Rabu pagi berlangit biru (3/7) kemarin, ribuan orang menggelayuti jalanan utama Kota Tenggarong, Kutai Kartanegara, Kalimantan Timur. Mereka merayakan acara beseprah dengan menggelar terpal dan membentang karpet sepanjang kira-kira 500 meter, kemudian duduk mengikuti lajur jalan dengan bersuka cita.
Aneka kudapan dan tumpeng tradisional tersaji siap disantap. Acara tradisi Kasultanan Kutai ing Martadipura ini merupakan salah satu acara dalam rangkaian pesta budaya Erau atau Erau International Folklore and Art Festival. Festival berlangsung mulai 30 Juni hingga 7 Juli 2013.
Aroma masakan menguar bersama irama tingkilan. Dari kudapan putu labuk, tepung beras yang dikukus dan digulung bertabur kelapa parut, sampai gence ruwan (semacam pepes ikan gabus) terhidang membangkitkan selera sarapan.
Namun, ada juga kudapan cenil, lupis, ketan hitam yang diguyur gula merah khas kuliner Jawa. Keanekaragaman kuliner ini tampaknya mengingatkan ragam suku yang menghuni Tenggarong. "Kekayaan Kutai tidak bisa kita lihat," ujar Nueng Ibrahim, penggiat seni keroncong tingkilan khas wilayah ini. "Kekayaan Kutai adalah kemurahan hati warganya."

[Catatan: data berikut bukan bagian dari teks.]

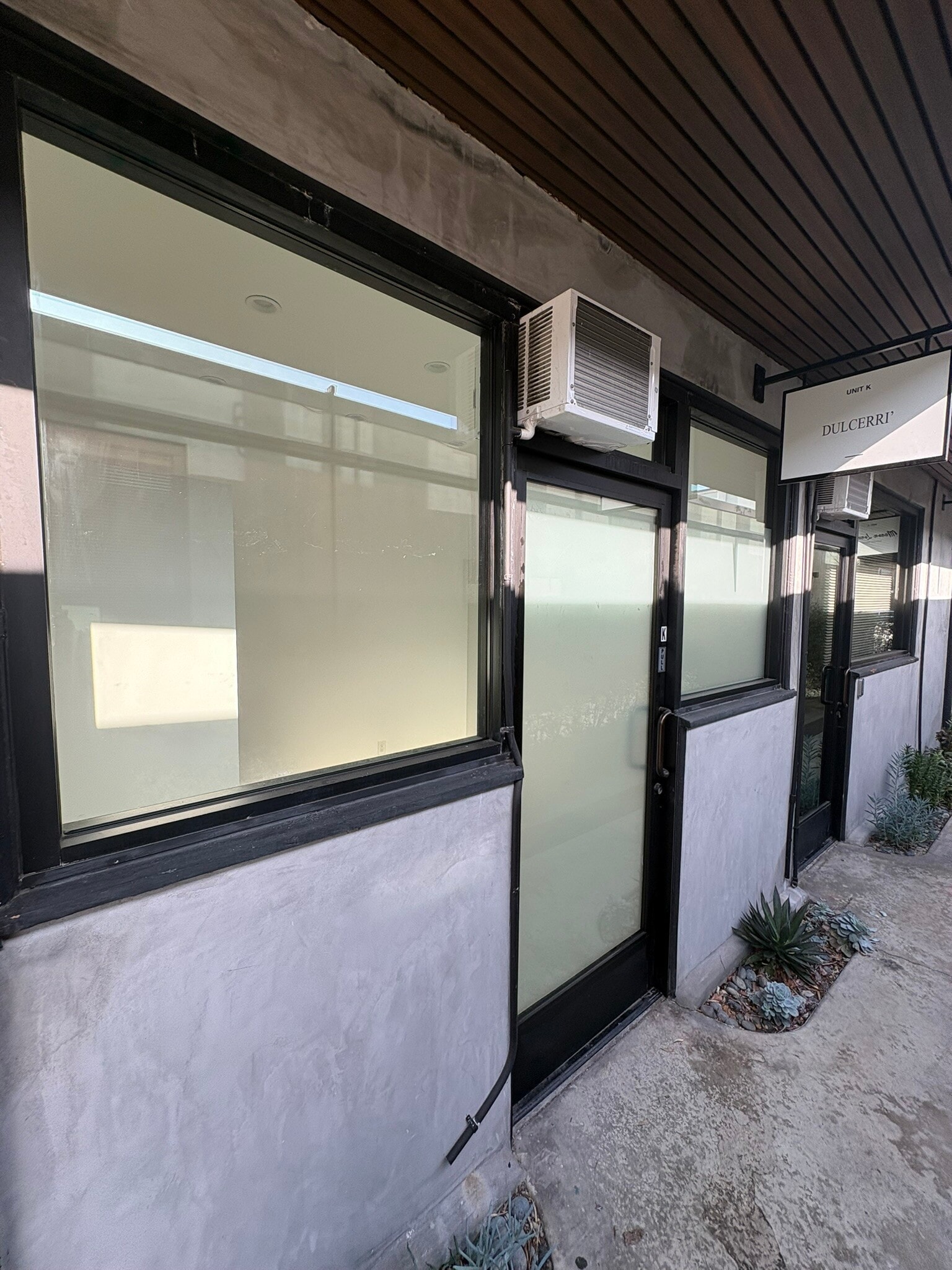 3601-3609 1/2 W Magnolia Blvd, Burbank, CA à louer Photo intérieure– Image 1 sur 4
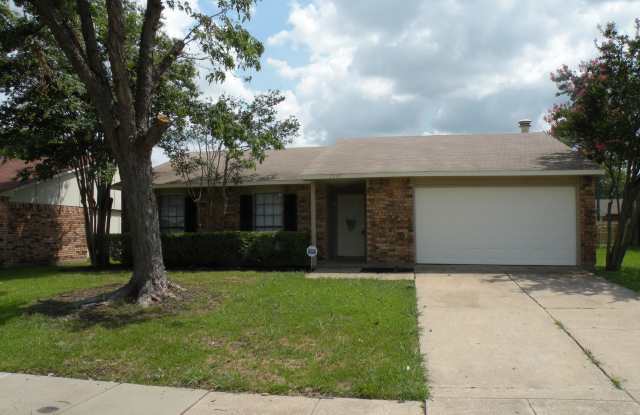 7312 Ashcrest Ln Gallery 2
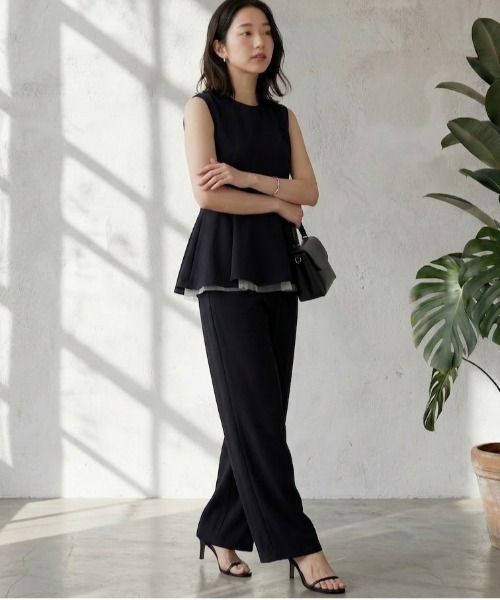 AMELY(エミリー)の「ペプラムトップスセットアップ(セットアップ・レディース・ブラック/ネイビー・フリー)」の4枚目の写真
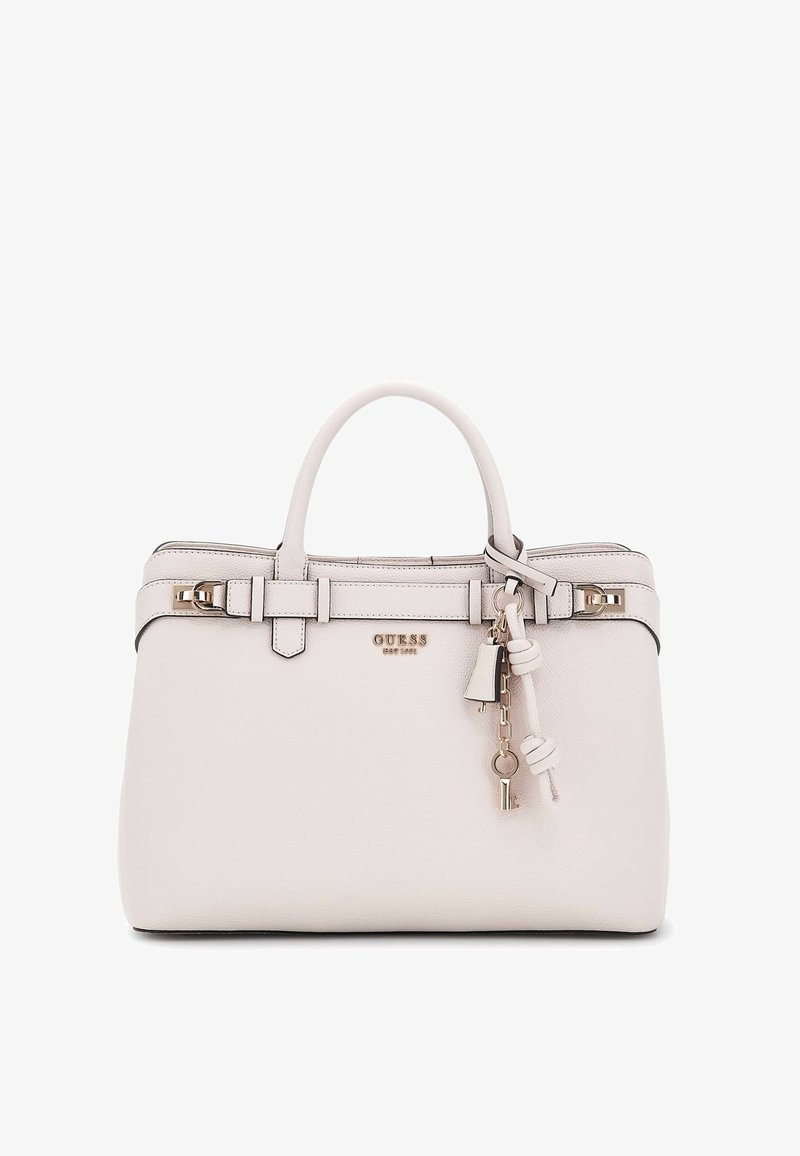 Sac à main Guess couleur crème avec double poignée, logo doré sur le devant et breloques décoratives en forme de clé et de cadenas suspendues à une poignée.
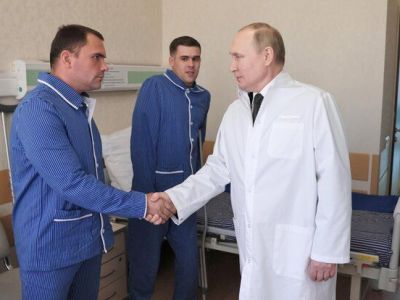 Путин посетил госпиталь и пообщался с раненными на Украине военными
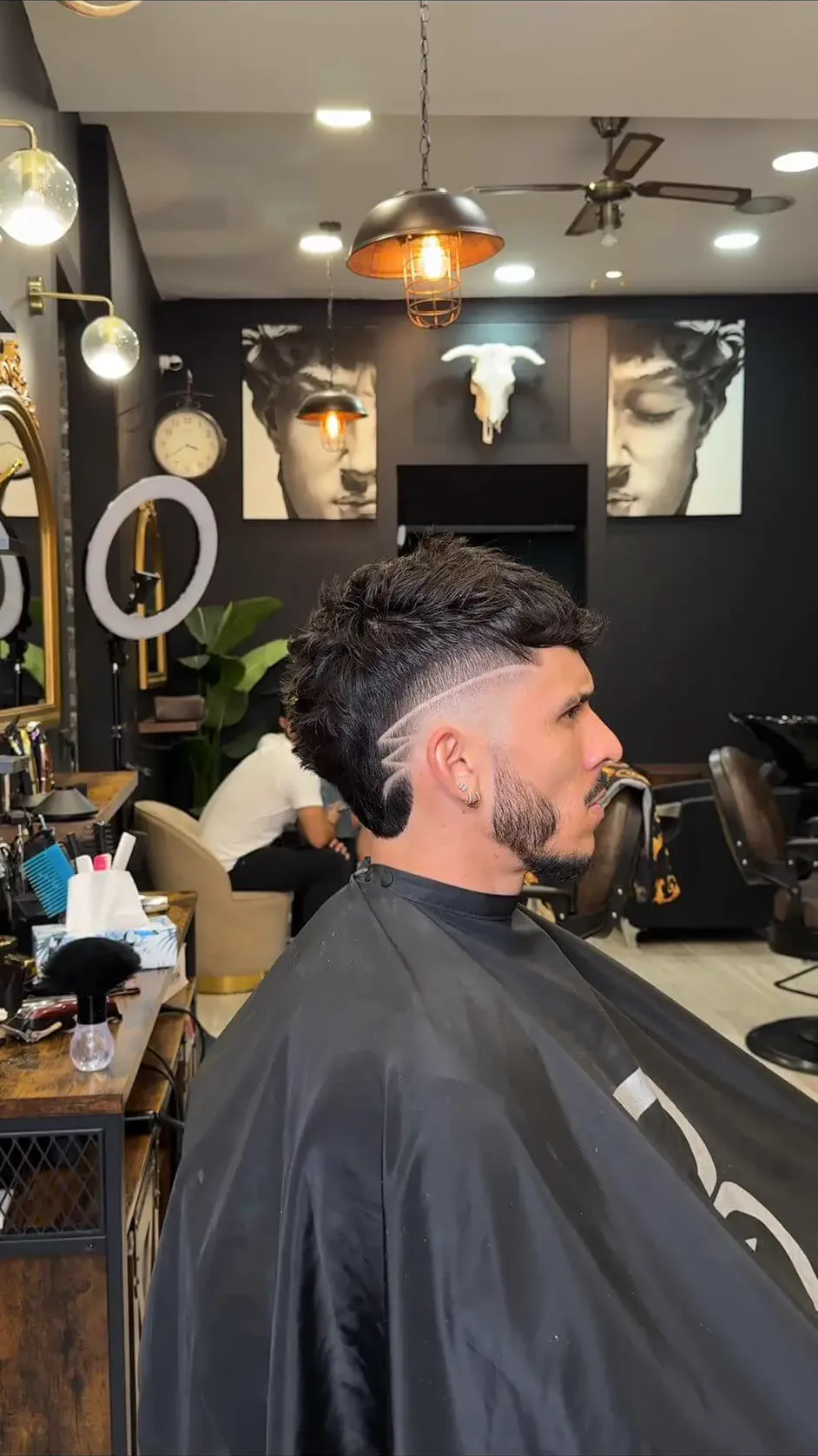 Cliente con mullet texturizado y línea marcada a navaja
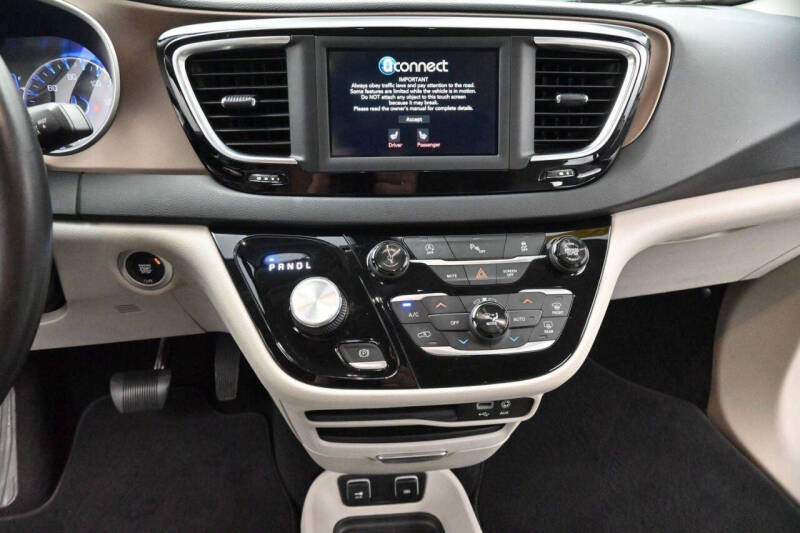 2018 Chrysler Pacifica Touring L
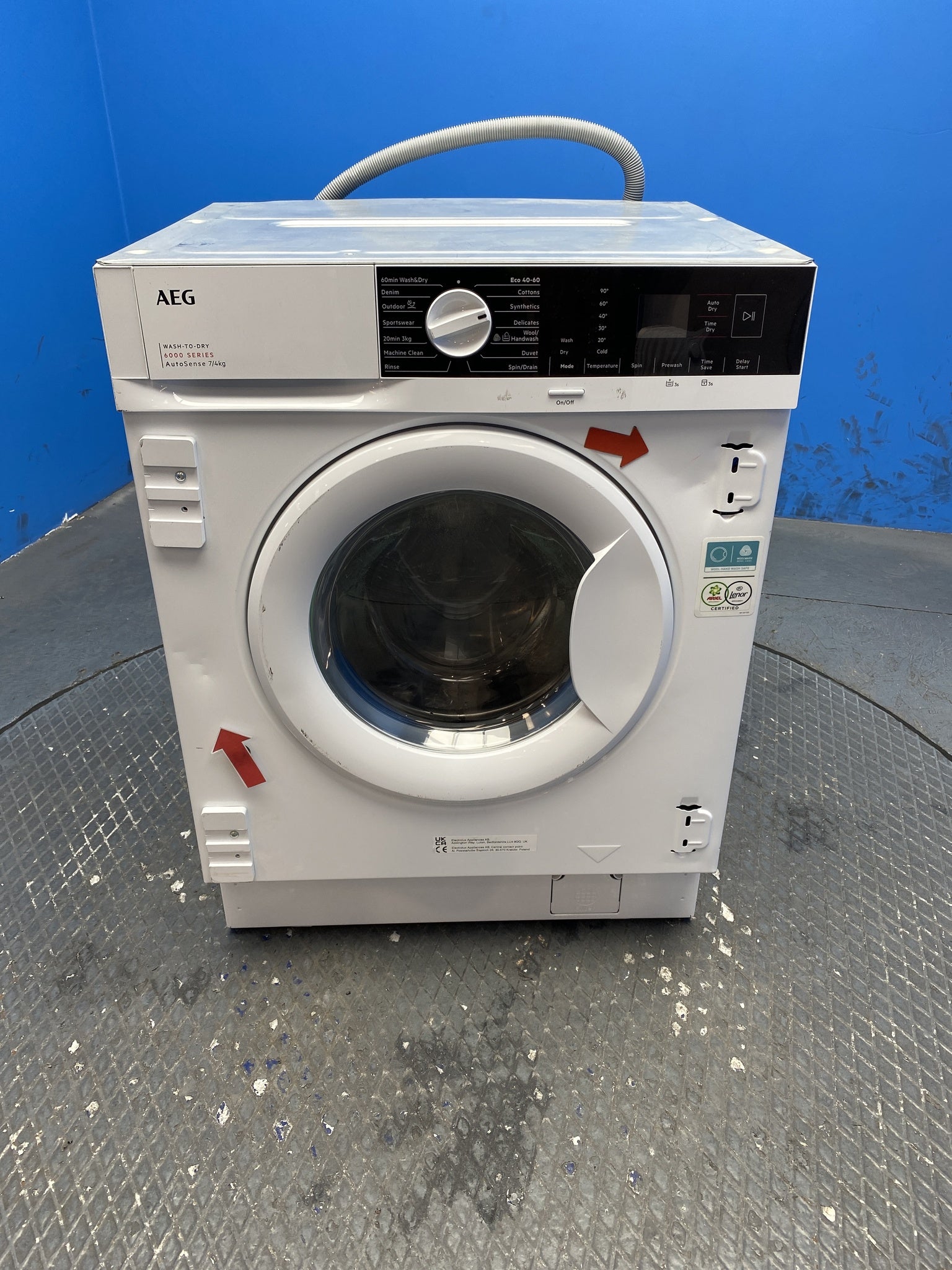 AEG 6000 Series LX6WG74634BI Integrated 7/4kg 1600rpm Washer Dryer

Menurutnya Kota Tenggarong telah menjadi kawasan mencairnya budaya aneka suku bangsa di Nusantara. Warga Kutai menerima kedatangan mereka dengan keramahan budayanya.
Di ruas jalan Diponegoro, depan Planetarium Jagad Raya, sebuah tenda kuning didirikan khusus untuk para pejabat yang hadir.
Bupati Rita Widyasari, Putra Mahkota Kasultanan Kutai Adji Mohamad Arifin, dan kerabat kasultanan. Selain itu acara ini juga dihadiri Wakil Menteri Kebudayaan Mesir dan para perwakilan organisasi internasional tentang festival adat dan seni budaya (CIOFF).
Tampaknya, ada saja kelompok yang tak sabar dan berebut untuk segera mencicipi aneka hidangan itu. Suasana riang nan semarak beseprah pun telah dimulai. Bahkan, sebelum para pejabat hadir untuk meresmikan pembukaan acara, sebagian kelompok telah selesai menikmati hidangan yang menggelorakan selera sarapan itu.
Beseprah merupakan tradisi makan bersama Kasultanan Kutai. "Makan beseprah itu artinya berat sama dipikul, ringan sama dijinjing," ujar Nueng. "Saling menunggu untuk makan bersama-sama. Jangan ingin kenyang sendiri."
Dia mengharapkan kearifan leluhur itu juga diterapkan dalam kehidupan tataran keluarga hingga pemerintahan. "Ilmu di Kutai itu adalah hakikat," ujar Nueng. "Menyajikan segala sesuatunya dengan hakikat."